The percentage of elder mothers, defined as women giving birth at 35 years or older, ranged from 10.9% in Romania to 34.7% in Italy. In most of the countries at least 20% of births were to women aged 35 years or more, and the proportion of births in this age group increased substantially in almost every country. Only Finland experienced a decrease in this proportion between 2004 and 2010. In 2010, in Lithuania 14.9% of pregnant women were aged 35 years and more. From 2004 to 2010, the number increased by over 3%. The increase was relatively small in the United Kingdom (under 1%), and larger (over 5%) in Italy, Estonia, Hungary, the Czech Republic and Spain. Encouraging earlier childbearing may require policies to support young parents and working mothers, as well as informing the public about possible consequences of having children at later age.

In many European countries more than 10% of women continued smoking during their pregnancy. Lithuania has the lowest proportion in Europe, i. e. less than 5% of pregnant smokers, as compared with 15% in Northern Ireland, 16% in Wales, 17.1% in France, and 19% in Scotland. Countries that had data points for 2004 and 2010 reported slightly lower proportions of smokers in the last trimester in 2010 – by about 1–3%. Although in Lithuania there is no specific differentiation of smokers in pregnancy trimesters, we have data that about 40% of women stop smoking while being pregnant. Pregnancy care is considered the best time for providing information of the adverse effects of smoking on fetal and infant health. It must be noted that having high quality and comparable information on smoking before and during pregnancy should be a priority.

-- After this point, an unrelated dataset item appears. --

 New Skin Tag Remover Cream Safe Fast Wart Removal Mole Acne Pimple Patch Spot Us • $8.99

In Europe maternal deaths are rare, but it is strongly recommended that an analysis of their causes is essential for developing policies to reduce the death ratio. According to the data of the European Perinatal Health Report 2006– 2010, the highest ratios were observed in Latvia and Romania with 24.5 and 21.0 per 100 000 live births, respectively, compared to 2.5 in Italy, 2.6 in both Austria and Estonia, and 2.9 in Poland. Lithuania is somewhere in an intermediate position – the maternal death ratio is 4.1/100 000 live births for the mentioned period. The main causes of maternal death are obstetrical hemorrhage and hypertensive disorders (0.87/100 000 and 0.72/100 000 live births, respectively). Infections during pregnancy (chorioamnionitis, sepsis) and amniotic fluid embolisms are rather common causes of maternal mortality. In the last 20 years, there were 67 maternal deaths in Lithuania related to pregnancy and childbirth, as compared to 400 maternal deaths annually in the interwar years.

CONCLUSIONS

1. The Lithuanian Perinatology Program, orders issued by the Ministry of Health, regulating the care and treatment of mothers and their infants, and the well-running perinatal care system helped to improve the diagnostics and treatment of pregnancy pathology.

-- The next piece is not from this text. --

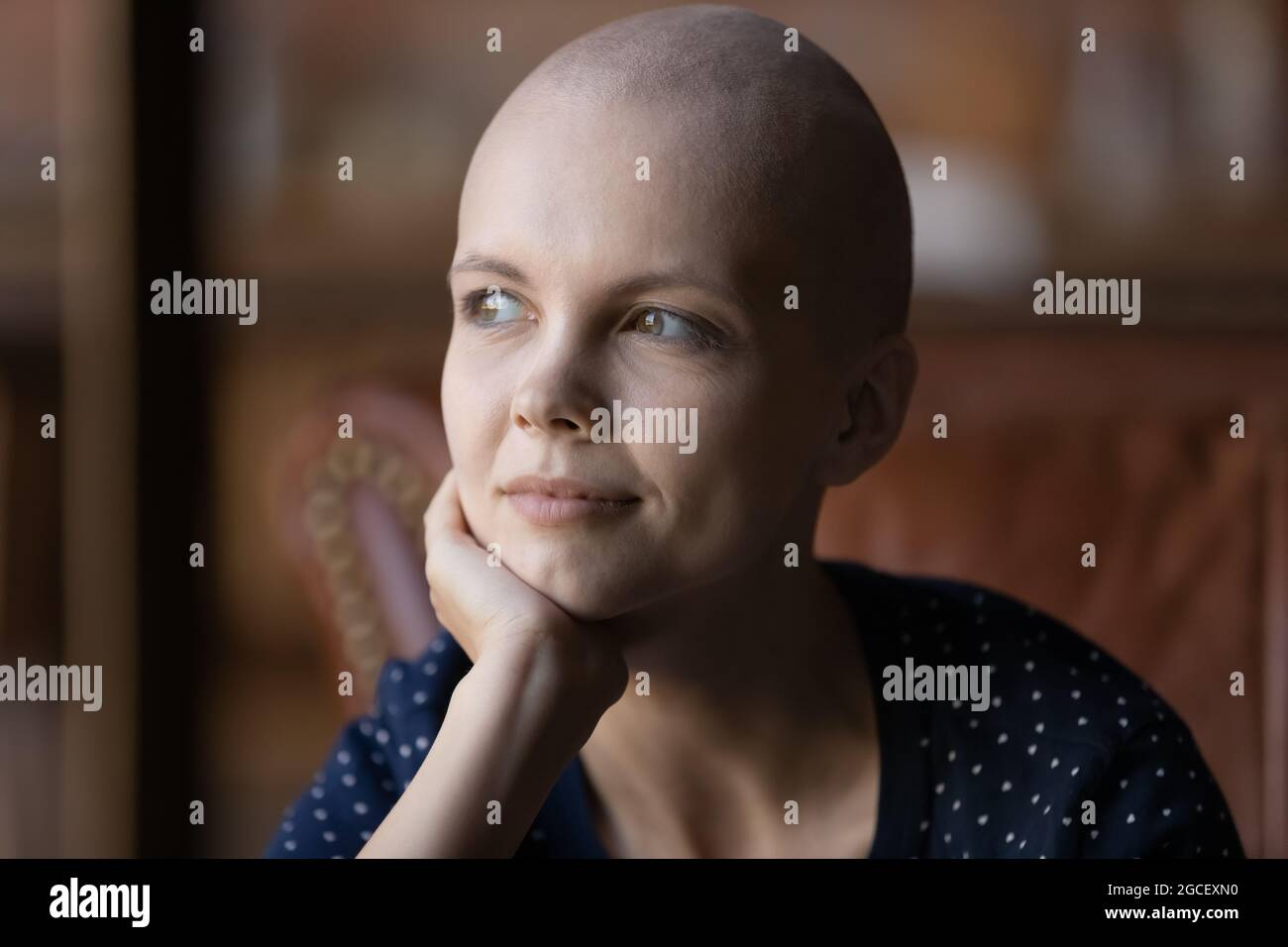 Positive nachdenkliche junge haarlose Frau mit Krebsporträt Stockfoto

2. Over the last 20 years, Lithuania has experienced significant improvements in the perinatal health. The marked decrease in cardiovascular, respiratory, urinary and genital morbidity was observed among pregnant women. The percentage of gestational diabetes increased by 6.7 times due to improved diagnostics.

3. There were 67 maternal deaths related to pregnancy and childbirth in Lithuania during 1995–2014. Hemorrhage and infections during pregnancy, delivery and the postpartum period are considered the most common causes of maternal death.